■ Work to complete
Exactly reproduce each record listed below.

···

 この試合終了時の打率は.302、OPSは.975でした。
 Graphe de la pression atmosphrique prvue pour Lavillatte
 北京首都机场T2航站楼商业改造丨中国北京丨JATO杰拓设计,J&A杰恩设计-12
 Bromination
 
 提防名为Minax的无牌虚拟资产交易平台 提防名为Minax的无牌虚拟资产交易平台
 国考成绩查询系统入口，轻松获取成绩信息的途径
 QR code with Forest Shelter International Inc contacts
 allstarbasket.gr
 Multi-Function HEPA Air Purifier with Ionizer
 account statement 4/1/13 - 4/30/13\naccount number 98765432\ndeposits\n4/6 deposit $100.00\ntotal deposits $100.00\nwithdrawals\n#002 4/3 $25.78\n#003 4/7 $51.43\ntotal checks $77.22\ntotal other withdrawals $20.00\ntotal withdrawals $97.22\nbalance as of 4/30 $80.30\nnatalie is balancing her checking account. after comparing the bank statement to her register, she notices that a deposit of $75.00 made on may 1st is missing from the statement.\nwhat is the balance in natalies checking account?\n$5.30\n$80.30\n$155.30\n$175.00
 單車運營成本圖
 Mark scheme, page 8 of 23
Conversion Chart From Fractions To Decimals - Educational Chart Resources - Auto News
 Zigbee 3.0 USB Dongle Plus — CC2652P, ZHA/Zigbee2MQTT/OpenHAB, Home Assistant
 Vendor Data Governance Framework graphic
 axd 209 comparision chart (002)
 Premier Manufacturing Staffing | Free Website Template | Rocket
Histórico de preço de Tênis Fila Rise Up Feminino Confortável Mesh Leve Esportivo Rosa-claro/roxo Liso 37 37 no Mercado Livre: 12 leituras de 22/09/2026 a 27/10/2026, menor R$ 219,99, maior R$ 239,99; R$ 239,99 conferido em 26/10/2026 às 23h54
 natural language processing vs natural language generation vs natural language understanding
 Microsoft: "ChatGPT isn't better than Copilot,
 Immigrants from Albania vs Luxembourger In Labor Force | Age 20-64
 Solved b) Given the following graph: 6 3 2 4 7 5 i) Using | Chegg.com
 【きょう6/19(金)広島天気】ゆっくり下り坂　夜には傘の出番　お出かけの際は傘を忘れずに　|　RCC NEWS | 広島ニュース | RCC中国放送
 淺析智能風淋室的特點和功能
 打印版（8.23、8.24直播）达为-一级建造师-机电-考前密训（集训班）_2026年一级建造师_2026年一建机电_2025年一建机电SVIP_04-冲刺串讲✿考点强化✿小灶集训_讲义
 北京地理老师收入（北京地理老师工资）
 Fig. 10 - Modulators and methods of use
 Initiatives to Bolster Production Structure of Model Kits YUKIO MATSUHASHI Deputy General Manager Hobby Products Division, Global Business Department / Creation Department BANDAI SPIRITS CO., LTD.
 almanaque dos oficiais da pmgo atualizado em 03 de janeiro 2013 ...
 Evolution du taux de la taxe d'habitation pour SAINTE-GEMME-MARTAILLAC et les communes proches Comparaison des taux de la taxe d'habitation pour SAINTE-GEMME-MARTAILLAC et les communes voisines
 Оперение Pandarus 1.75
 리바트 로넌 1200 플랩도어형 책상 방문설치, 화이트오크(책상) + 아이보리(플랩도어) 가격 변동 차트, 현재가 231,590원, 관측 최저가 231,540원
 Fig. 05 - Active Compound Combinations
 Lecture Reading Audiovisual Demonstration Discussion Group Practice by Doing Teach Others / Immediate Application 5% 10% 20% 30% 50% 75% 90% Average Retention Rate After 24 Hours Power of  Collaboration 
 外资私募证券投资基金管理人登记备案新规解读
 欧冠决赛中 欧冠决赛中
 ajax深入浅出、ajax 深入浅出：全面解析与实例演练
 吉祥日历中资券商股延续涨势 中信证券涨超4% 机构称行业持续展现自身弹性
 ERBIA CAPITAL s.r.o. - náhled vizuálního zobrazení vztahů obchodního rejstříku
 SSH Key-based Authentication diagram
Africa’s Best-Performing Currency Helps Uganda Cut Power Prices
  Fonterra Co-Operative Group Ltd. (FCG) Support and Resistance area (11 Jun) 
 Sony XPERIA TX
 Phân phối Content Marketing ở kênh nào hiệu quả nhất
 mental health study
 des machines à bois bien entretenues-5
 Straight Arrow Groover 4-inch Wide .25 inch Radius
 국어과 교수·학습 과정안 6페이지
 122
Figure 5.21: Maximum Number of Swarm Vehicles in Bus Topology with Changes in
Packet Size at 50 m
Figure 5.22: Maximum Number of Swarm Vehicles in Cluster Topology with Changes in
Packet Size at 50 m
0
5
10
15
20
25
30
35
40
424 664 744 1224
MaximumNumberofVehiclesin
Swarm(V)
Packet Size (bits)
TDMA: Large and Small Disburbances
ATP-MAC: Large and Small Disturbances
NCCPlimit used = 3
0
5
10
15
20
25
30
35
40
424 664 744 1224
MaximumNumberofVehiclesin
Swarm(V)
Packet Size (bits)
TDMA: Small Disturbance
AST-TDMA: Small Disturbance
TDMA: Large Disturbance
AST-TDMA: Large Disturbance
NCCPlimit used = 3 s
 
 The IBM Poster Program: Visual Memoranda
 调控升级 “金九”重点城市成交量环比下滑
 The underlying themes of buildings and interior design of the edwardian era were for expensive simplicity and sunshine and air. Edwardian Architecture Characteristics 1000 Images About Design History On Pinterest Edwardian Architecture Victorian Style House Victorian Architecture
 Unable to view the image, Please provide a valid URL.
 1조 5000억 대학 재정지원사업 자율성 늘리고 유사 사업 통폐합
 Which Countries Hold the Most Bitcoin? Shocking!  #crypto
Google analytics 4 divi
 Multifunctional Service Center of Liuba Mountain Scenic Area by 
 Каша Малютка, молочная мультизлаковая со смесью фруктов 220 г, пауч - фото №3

···

■ Reply to the task
 この試合終了時の打率は.302、OPSは.975でした。
 Graphe de la pression atmosphrique prvue pour Lavillatte
 北京首都机场T2航站楼商业改造丨中国北京丨JATO杰拓设计,J&A杰恩设计-12
 Bromination
 
 提防名为Minax的无牌虚拟资产交易平台 提防名为Minax的无牌虚拟资产交易平台
 国考成绩查询系统入口，轻松获取成绩信息的途径
 QR code with Forest Shelter International Inc contacts
 allstarbasket.gr
 Multi-Function HEPA Air Purifier with Ionizer
 account statement 4/1/13 - 4/30/13\naccount number 98765432\ndeposits\n4/6 deposit $100.00\ntotal deposits $100.00\nwithdrawals\n#002 4/3 $25.78\n#003 4/7 $51.43\ntotal checks $77.22\ntotal other withdrawals $20.00\ntotal withdrawals $97.22\nbalance as of 4/30 $80.30\nnatalie is balancing her checking account. after comparing the bank statement to her register, she notices that a deposit of $75.00 made on may 1st is missing from the statement.\nwhat is the balance in natalies checking account?\n$5.30\n$80.30\n$155.30\n$175.00
 單車運營成本圖
 Mark scheme, page 8 of 23
Conversion Chart From Fractions To Decimals - Educational Chart Resources - Auto News
 Zigbee 3.0 USB Dongle Plus — CC2652P, ZHA/Zigbee2MQTT/OpenHAB, Home Assistant
 Vendor Data Governance Framework graphic
 axd 209 comparision chart (002)
 Premier Manufacturing Staffing | Free Website Template | Rocket
Histórico de preço de Tênis Fila Rise Up Feminino Confortável Mesh Leve Esportivo Rosa-claro/roxo Liso 37 37 no Mercado Livre: 12 leituras de 22/09/2026 a 27/10/2026, menor R$ 219,99, maior R$ 239,99; R$ 239,99 conferido em 26/10/2026 às 23h54
 natural language processing vs natural language generation vs natural language understanding
 Microsoft: "ChatGPT isn't better than Copilot,
 Immigrants from Albania vs Luxembourger In Labor Force | Age 20-64
 Solved b) Given the following graph: 6 3 2 4 7 5 i) Using | Chegg.com
 【きょう6/19(金)広島天気】ゆっくり下り坂　夜には傘の出番　お出かけの際は傘を忘れずに　|　RCC NEWS | 広島ニュース | RCC中国放送
 淺析智能風淋室的特點和功能
 打印版（8.23、8.24直播）达为-一级建造师-机电-考前密训（集训班）_2026年一级建造师_2026年一建机电_2025年一建机电SVIP_04-冲刺串讲✿考点强化✿小灶集训_讲义
 北京地理老师收入（北京地理老师工资）
 Fig. 10 - Modulators and methods of use
 Initiatives to Bolster Production Structure of Model Kits YUKIO MATSUHASHI Deputy General Manager Hobby Products Division, Global Business Department / Creation Department BANDAI SPIRITS CO., LTD.
 almanaque dos oficiais da pmgo atualizado em 03 de janeiro 2013 ...
 Evolution du taux de la taxe d'habitation pour SAINTE-GEMME-MARTAILLAC et les communes proches Comparaison des taux de la taxe d'habitation pour SAINTE-GEMME-MARTAILLAC et les communes voisines
 Оперение Pandarus 1.75
 리바트 로넌 1200 플랩도어형 책상 방문설치, 화이트오크(책상) + 아이보리(플랩도어) 가격 변동 차트, 현재가 231,590원, 관측 최저가 231,540원
 Fig. 05 - Active Compound Combinations
 Lecture Reading Audiovisual Demonstration Discussion Group Practice by Doing Teach Others / Immediate Application 5% 10% 20% 30% 50% 75% 90% Average Retention Rate After 24 Hours Power of  Collaboration 
 外资私募证券投资基金管理人登记备案新规解读
 欧冠决赛中 欧冠决赛中
 ajax深入浅出、ajax 深入浅出：全面解析与实例演练
 吉祥日历中资券商股延续涨势 中信证券涨超4% 机构称行业持续展现自身弹性
 ERBIA CAPITAL s.r.o. - náhled vizuálního zobrazení vztahů obchodního rejstříku
 SSH Key-based Authentication diagram
Africa’s Best-Performing Currency Helps Uganda Cut Power Prices
  Fonterra Co-Operative Group Ltd. (FCG) Support and Resistance area (11 Jun) 
 Sony XPERIA TX
 Phân phối Content Marketing ở kênh nào hiệu quả nhất
 mental health study
 des machines à bois bien entretenues-5
 Straight Arrow Groover 4-inch Wide .25 inch Radius
 국어과 교수·학습 과정안 6페이지
 122
Figure 5.21: Maximum Number of Swarm Vehicles in Bus Topology with Changes in
Packet Size at 50 m
Figure 5.22: Maximum Number of Swarm Vehicles in Cluster Topology with Changes in
Packet Size at 50 m
0
5
10
15
20
25
30
35
40
424 664 744 1224
MaximumNumberofVehiclesin
Swarm(V)
Packet Size (bits)
TDMA: Large and Small Disburbances
ATP-MAC: Large and Small Disturbances
NCCPlimit used = 3
0
5
10
15
20
25
30
35
40
424 664 744 1224
MaximumNumberofVehiclesin
Swarm(V)
Packet Size (bits)
TDMA: Small Disturbance
AST-TDMA: Small Disturbance
TDMA: Large Disturbance
AST-TDMA: Large Disturbance
NCCPlimit used = 3 s
 
 The IBM Poster Program: Visual Memoranda
 调控升级 “金九”重点城市成交量环比下滑
 The underlying themes of buildings and interior design of the edwardian era were for expensive simplicity and sunshine and air. Edwardian Architecture Characteristics 1000 Images About Design History On Pinterest Edwardian Architecture Victorian Style House Victorian Architecture
 Unable to view the image, Please provide a valid URL.
 1조 5000억 대학 재정지원사업 자율성 늘리고 유사 사업 통폐합
 Which Countries Hold the Most Bitcoin? Shocking!  #crypto
Google analytics 4 divi
 Multifunctional Service Center of Liuba Mountain Scenic Area by 
 Каша Малютка, молочная мультизлаковая со смесью фруктов 220 г, пауч - фото №3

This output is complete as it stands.